*** DATA SEGMENT ***

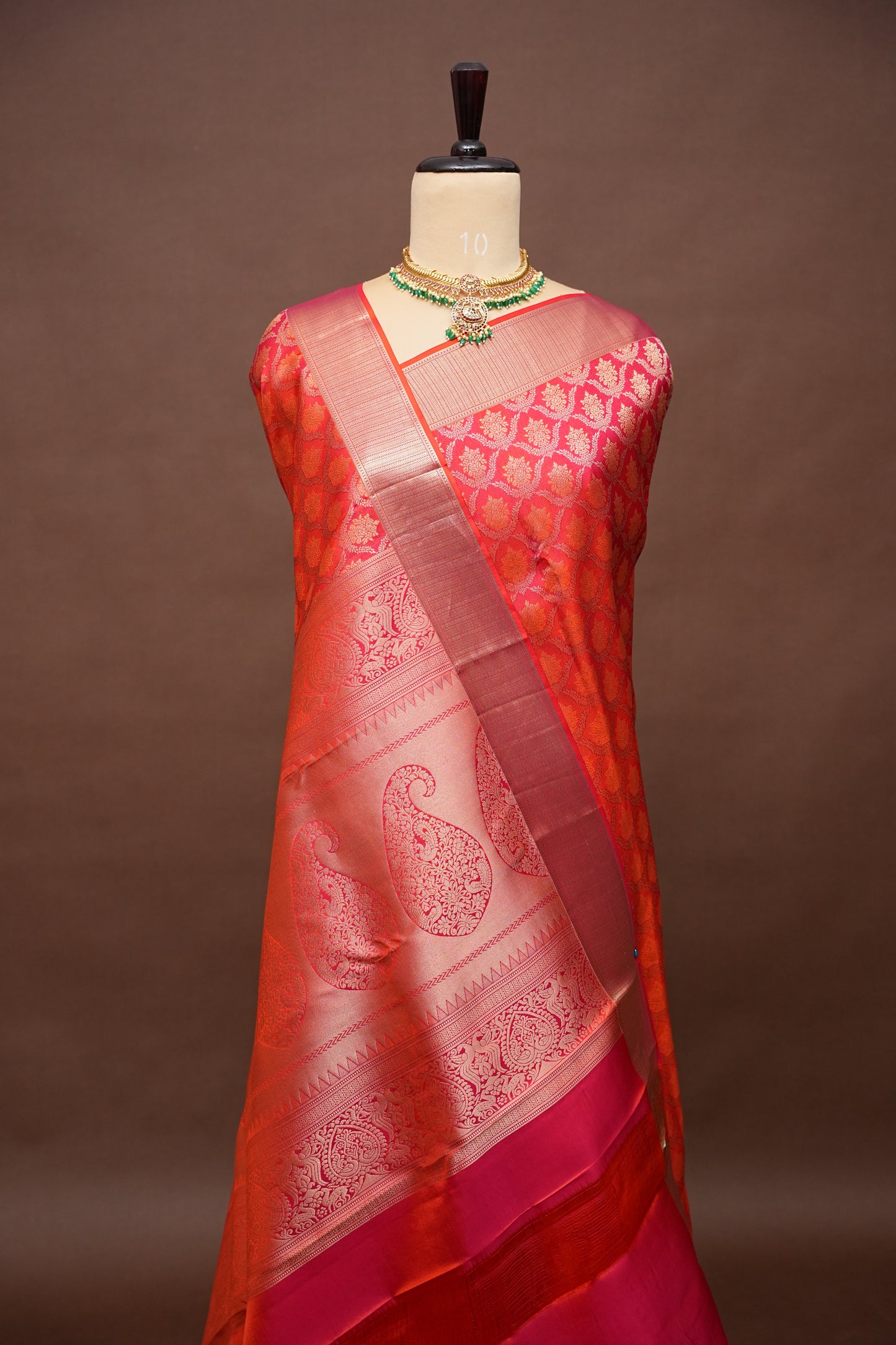 Orange Pure Kanchipuram Brocade Silk Saree|Silk Mark Certified
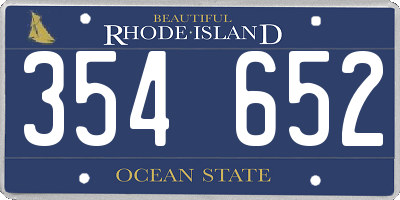 RI license plate 354652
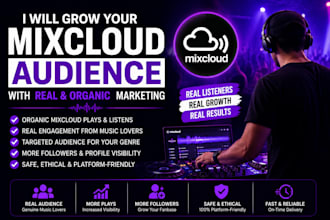 grow your mixcloud audience with real and organic promotion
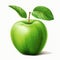 Realistic Apple With Green Leaves On White Background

*** End of DATA SEGMENT ***

Write out again, word for word, only the lines from the one with "RI license plate 354652" through the last line of the material, and omit each picture.

 RI license plate 354652
 grow your mixcloud audience with real and organic promotion
 Realistic Apple With Green Leaves On White Background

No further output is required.